The Securities and Exchange Commission (SEC) released its proposed rules for crowdfunding the other week. From the vantage point of being a small business owner, I think it’s a step in the right direction. The opportunities to get funding without having to go hat-in-hand to a bank or to a venture capital firm are enormous. Crowdfunding could be an enormous benefit for entrepreneurs across the country.

But the SEC proposal is drawing some well-deserved criticism. Some believe there are not enough protections for the investor. Others think the costs of compliance are too expensive for the investment community to make enough money. Startup advocates say the conditions for raising money are too onerous.

This is new territory for everyone. Which is why the smart people at the SEC are seeking feedback to their proposals over the next 90 days. Here are my proposals.

Company management must be better scrutinized.

For starters, any company looking to raise money via crowdfunding must have a management team that consists of at least two members who are old enough to drive and at least one member who didn’t graduate from Stanford.

-All prospective companies must be first vetted by Mark Cuban and two other members of the Shark Tank crew before being allowed to solicit funds. If Cuban invests, I’m in!

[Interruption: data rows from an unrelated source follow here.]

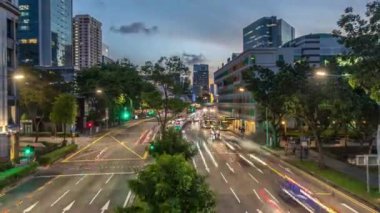 Singapur 'daki eski Hill Caddesi Polis Merkezi tarihi binası günden geceye.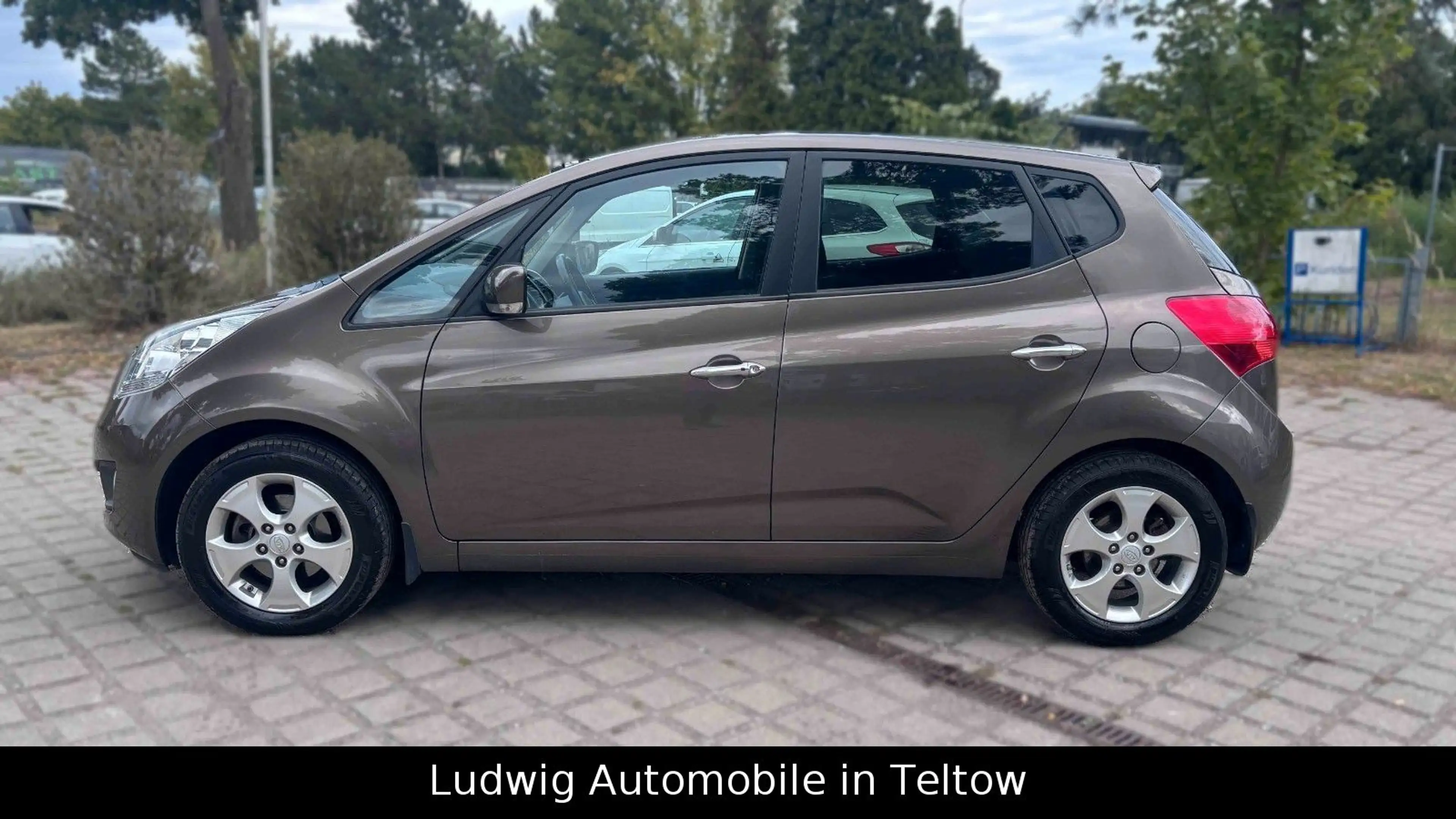 Kia Venga Dream Team*Automatik*Kamera*Navi*1.Hand — photo 9
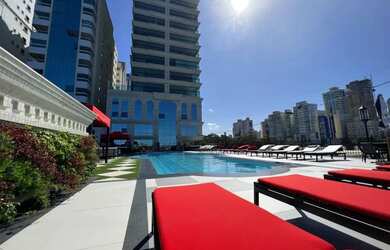 Imagem 2: Apartamento de Luxo em Meia Praia, Itapema, Beira mar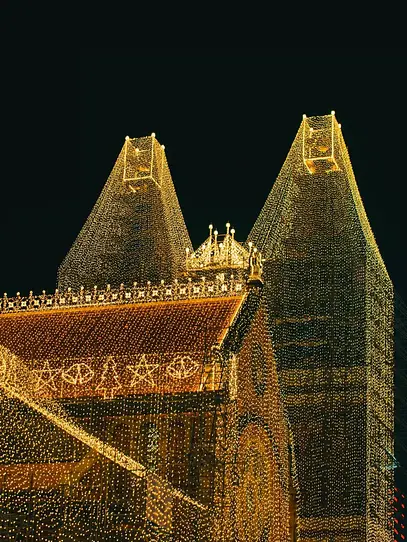 ホーチミンのクリスマス完全ガイド｜イルミネーション・教会・写真映えスポット・モデルコース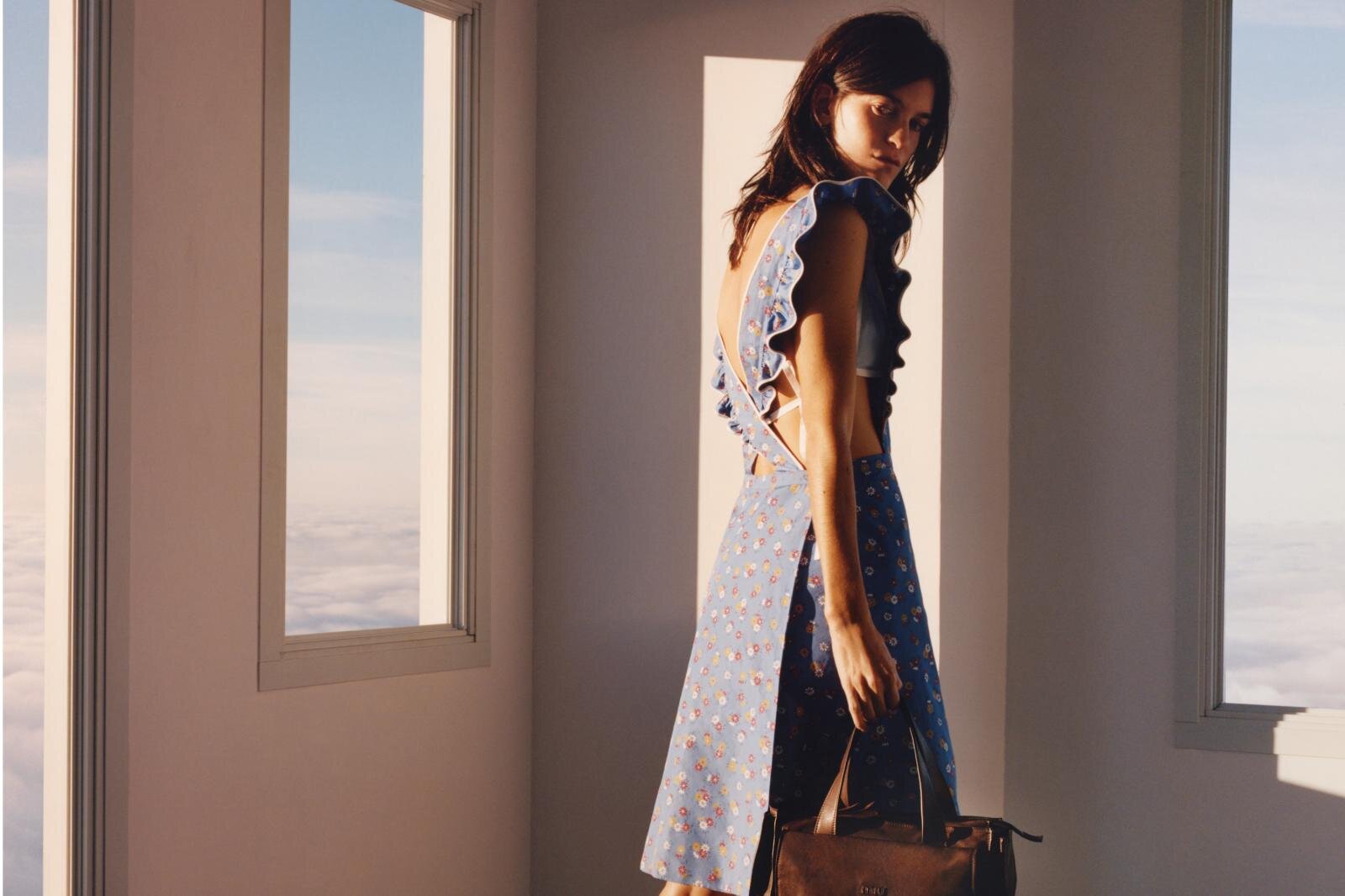 ミュウミュウ“エプロン”着想ウェア、レトロな小花柄ワンピースや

-A prospective company is to be prohibited from using any of these terms when soliciting crowdfunded dollars: "disrupt," "crunching," "big data," "cloud," "mobile," "social," "local," and "Apple" (unless the company is looking for financing to start a produce-related business) and any word that begins with a lower case "i" followed by an upper-case letter, or any word that has a combination of lower case and capital letters. Terms like "3D Printing" and the "Internet of Things" atr allowed--for now.

-Any company involved with the Federal healthcare insurance website would be permanently excluded from soliciting any kind of funds from the general public.

-To significantly reduce an individual investor’s risk and inflict the greatest harm on deceitful or conniving management, heavy penalties would be imposed on any company that incurs a stock price drop of more than 30 percent within 60 days after the close of their crowdfunded offering. Penalties for significant losses: teaching a high school health and sex education class for an entire year or attending a Katy Perry concert.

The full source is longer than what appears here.